Like other machine learning algorithms, SVM uses mathematical functions when it performs various tasks of prediction or classification. SVM is versatile, effective in high demotions, and works well with data that is not linearly separable. SVM models that have more than two dimensions use a hyperplane to separate data points. The distance between the closes points and the hyperplane is called the margin and the points support vectors. On the website scikit-learn.org, I learned that it is very important to find an optimal point between the smoothness of features and the weight I put on predicting all points perfectly. It spoke of how different kernels can work better for different datasets, and that even custom kernels could be used. SVM is a powerful tool for supervised learning methods. https://scikit-learn.org/stable/modules/svm.html
This study uses data analysis to predict which books customers will buy, focusing on customer details and past purchases. We used three main techniques: linear regression, logistic regression, and Support Vector Machines (SVMs). The study looks at how well these methods work and how they handle different types of data and their assumptions about how factors relate to purchasing behavior.
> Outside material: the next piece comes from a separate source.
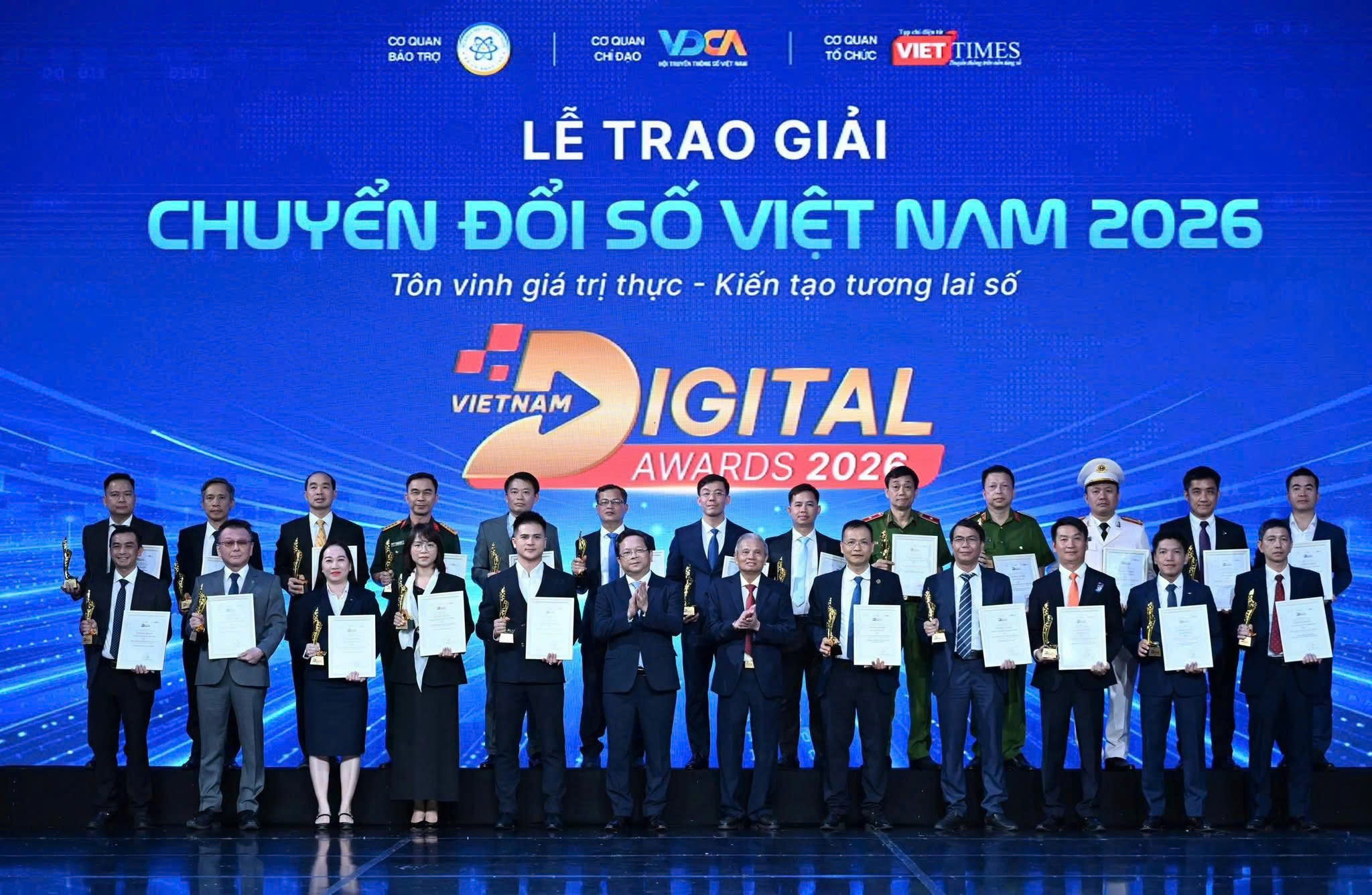 TP Huế được vinh danh tại giải thưởng chuyển đổi số Việt Nam 2026- Ảnh 2.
Linear regression model - we measured how much variance in the dependent variable can be explained by using variables from the data set as predictors. The model only explained about 24% of “Choice” using all the variables. This is most likely because linear regression assumptions state that the independent variables are to be continuous. A violation produces results that are poor or not meaningful. Another reason this model is not a good choice, is when looking at residual plots, the homoscedasticity and normality of residuals assumptions are also violated.
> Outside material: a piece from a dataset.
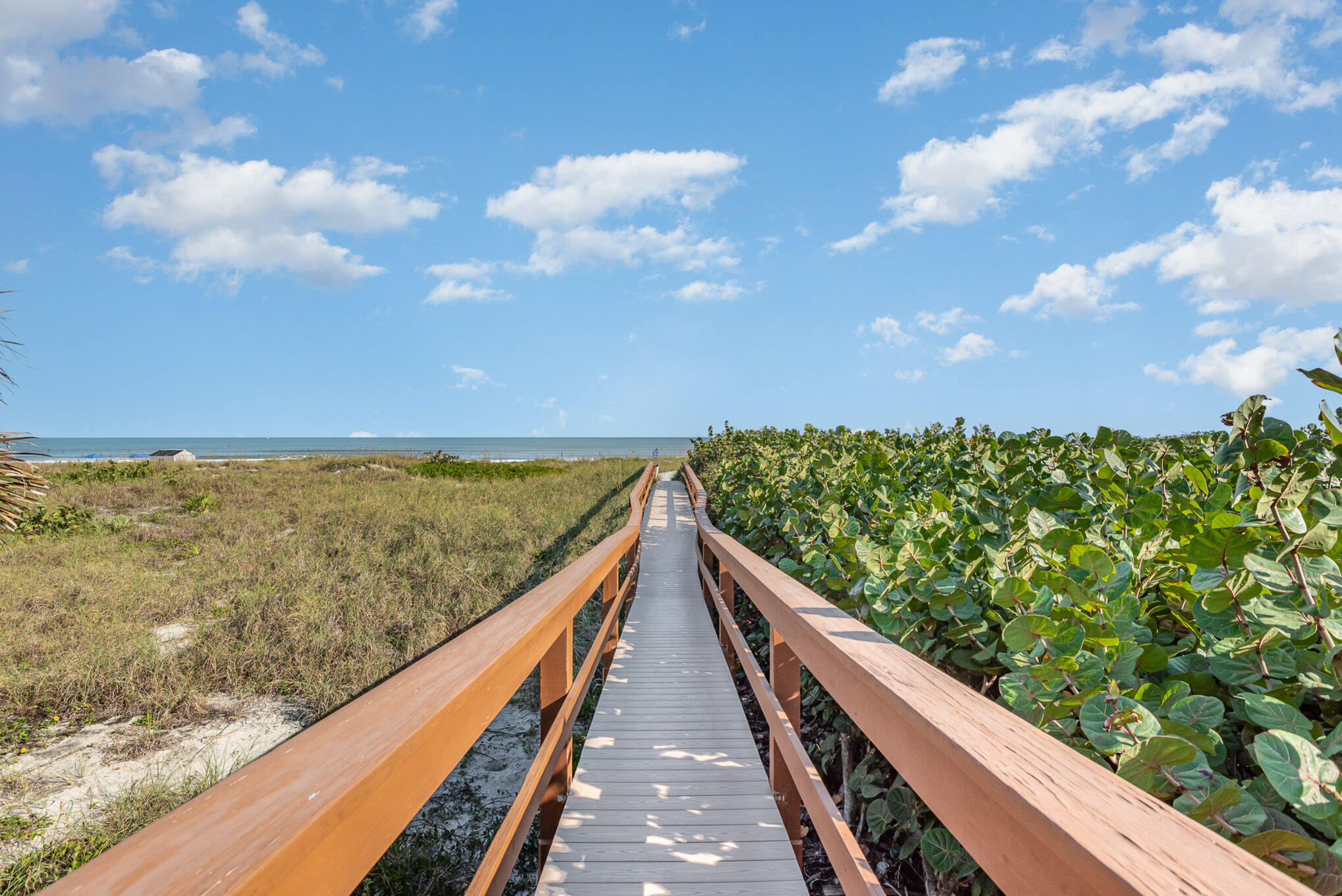 2020 N Atlantic Avenue, 202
Logistic regression - Logistic regression models work well when the target variable is binary like the one, we are using for this study, and it works very well with classification tasks. First a logistic model is fit using a training set, and then we use that fitted model to make predictions using new data or a testing set for this report. This model was measured using types of correct or incorrect predictions. The AUC we got after plotting a ROC curve was 67% but because the predictions were slanted a change in the weight of the predictor variable levels could increase model performance. Using the cost function, more weight was placed on our false positive rates because of the amount of positives in the dataset. We also removed “Last_purchase” and “First_purchase because they were so highly correlated. The model did improve, increasing accuracy to 79%.
SVM – The last model we built was a Support Vector Machine learning algorithm (SVM) which is mostly used for classification purposes. We used three types of kernels, a linear, a polynomial, and a RBF depending if the data was linearly separable or not. We set the target variable type to factor and tuned our RBF kernel for the best performing gamma/cost. The first model we ran used a linear kernel . The model did well and predicted about 90% accuracy and the sensitivity was 96% but our specificity was very poor at 28%. Next, we tried using a polynomial kernel type . The model’s accuracy improved as well as the sensitivity, but the specificity dropped even further to about 20%. Our final SVM model was where we used our tuned RBF kernel . Finding a balance between the smoothness of the features using gamma and making correct guesses by adjusting the weight of cost was our goal. The model performed about the same as our polynomial function but ended up doing better for our business scenario.
The data was cleaned and split before opening the file. This dataset contains information from a book club about its customers and their purchasing habits. This data is initially being read in as all number variables however, when exploring the data most of the variables are categorical in nature. The variable “Observation” will be removed because it will reduce the power for linear regression, logistic regression, or svm. There is four continuous variables which are “Amount”, “Frequency”, “First_purchase”, and “Last_purchase”. “First_purchase” may have outliers and may have multicollinearity with “Last_purchase” because they are very correlated.
Training sample:
Testing sample:
While targeting without a predictive model yields the highest profit, it also incurs the highest costs and in turn the most risk. Logistic Regression is shown to be more efficient, drastically reducing the cost and only slightly reducing the profit making it a more cost-effective strategy over not using targeted marketing. SVM is also more efficient reducing your investment even further, but with a lower return than the logistic model.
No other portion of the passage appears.